We’re the things that count
Hong Kong’s humorist on why counting should not be a skill only restricted to accountants
The things that count can’t be counted,” says a supposedly wise old adage.
That’s SO unfair to accountants and financial journalists! Our jobs depend on counting stuff accurately.
And business people and the rest of the media would be in big trouble without us providing some actual SOLID FACTS (almost extinct in journalism these days) for them to use.
Example: A colleague of mine was on a team of journalists reporting on the long, drawn out death of an elderly state leader in Japan.

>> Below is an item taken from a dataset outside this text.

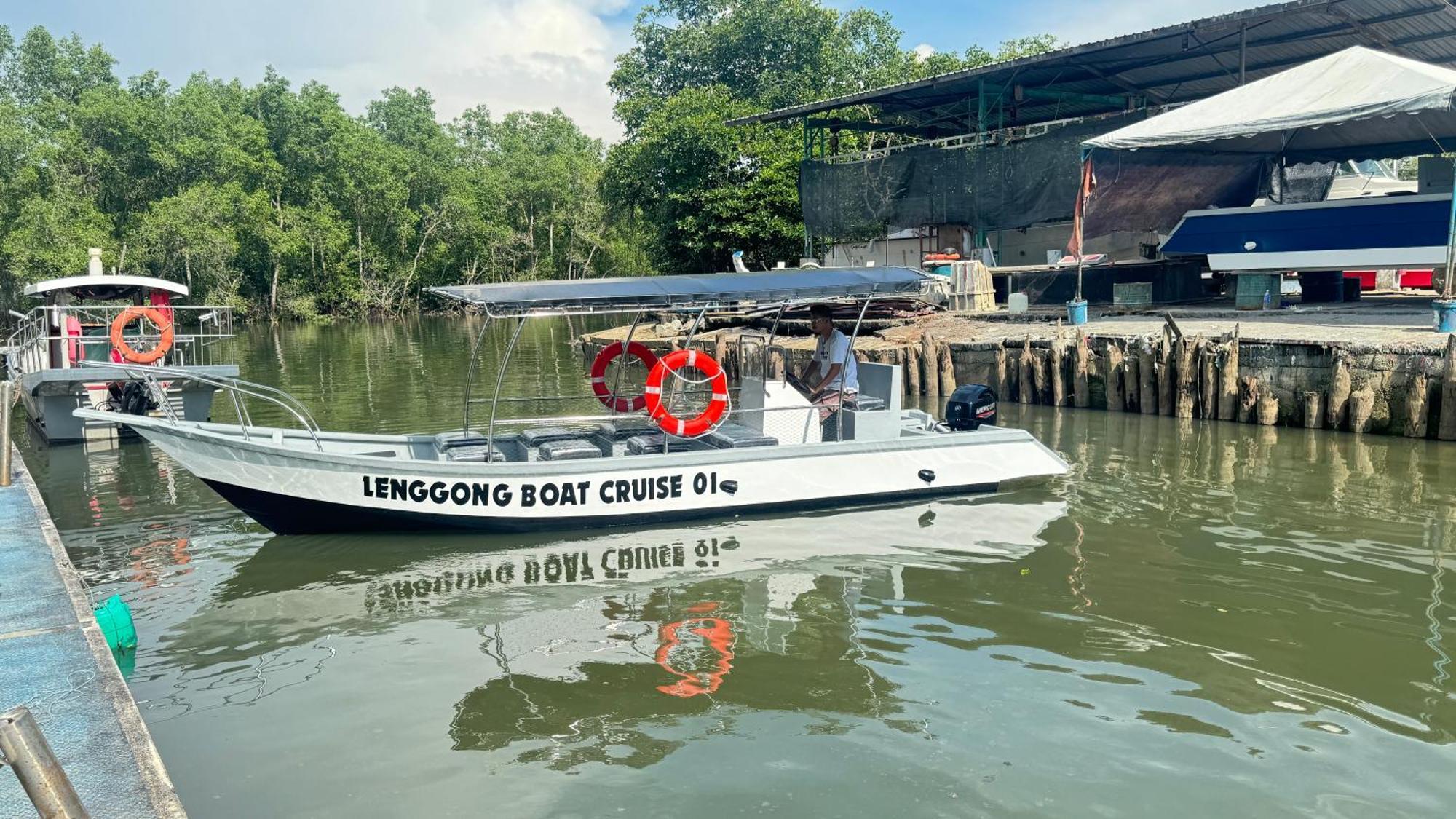 Branda Kampung Sumpitan Lenggong Tiada Sungai Hotel Kampong Ulu Jepai Kültér fotó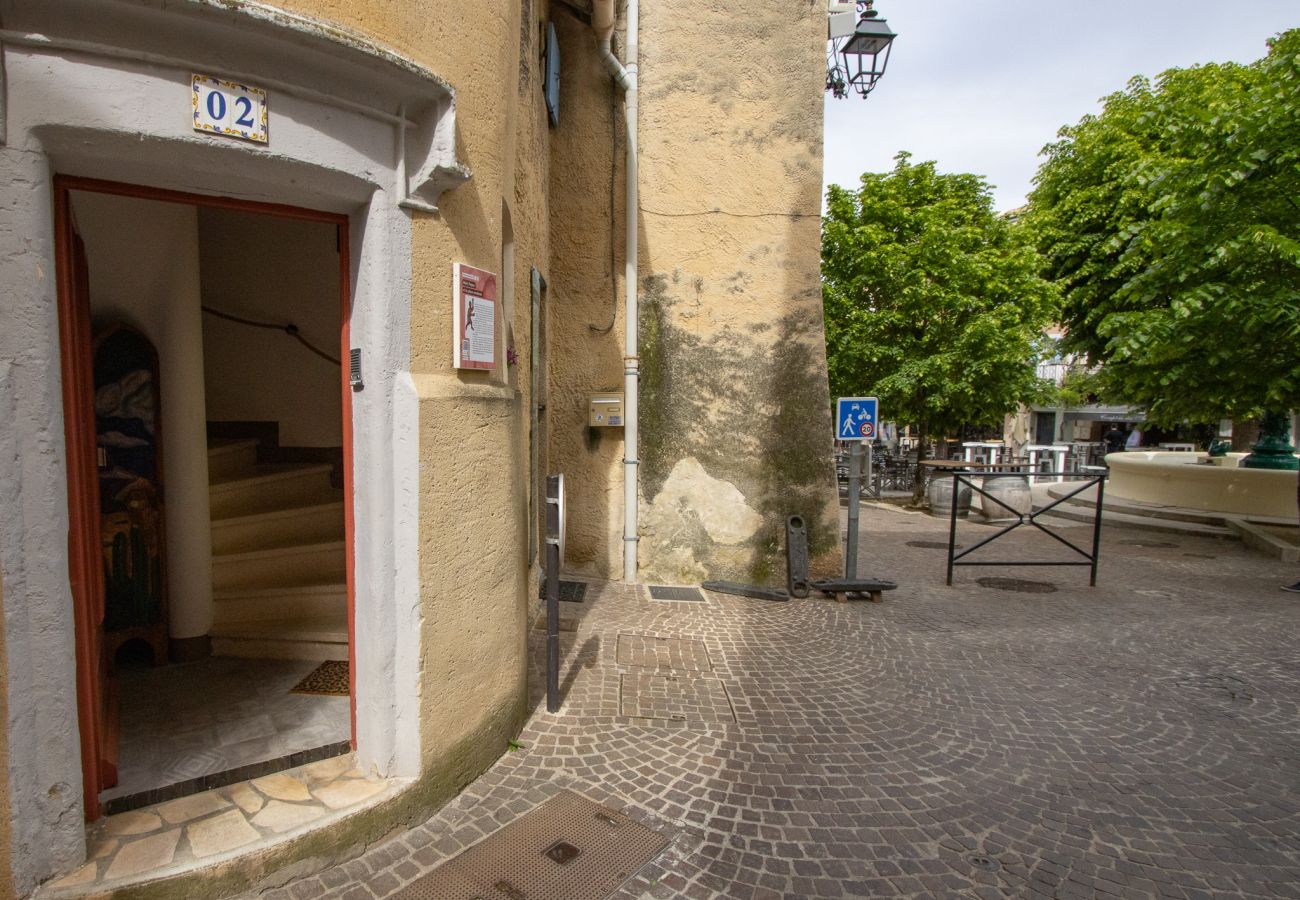 Ferienwohnung in Saint-Paul-Trois-Châteaux - La Tour, ein Haus mit Charakter im Herzen des Dorfes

His demise took so long that all the news reporters needed a break and the financial reporter was told to stand outside the hospital and cover the story for a day. He wrote reports such as the following:
“The Emperor’s blood pressure saw a four percent drop this morning but analysts say it could recover later. Pauses between breaths remained steady at 4.5 seconds but experts are divided over the meaning of a three percent increase in heart rate. More at the top of the hour.”
Far superior to regular reportage, right?
One challenge is that accountants and financial journalists have to get it right – others don’t.
A decade ago, then-property magnate and TV personality Donald Trump took out a lawsuit against an author named Timothy O’Brien for describing him as a multi-millionaire. The term “multi-millionaire” was a “yuuuuge” insult for someone who is actually a billionaire, Trump said.
But a judge eventually ruled against the tycoon, saying that a person cannot be charged for having an opinion. The legal point was that if an ordinary person guesses someone’s net worth, then it’s just an opinion – but if an accountant or a financial journalist does it, they are responsible for getting it right.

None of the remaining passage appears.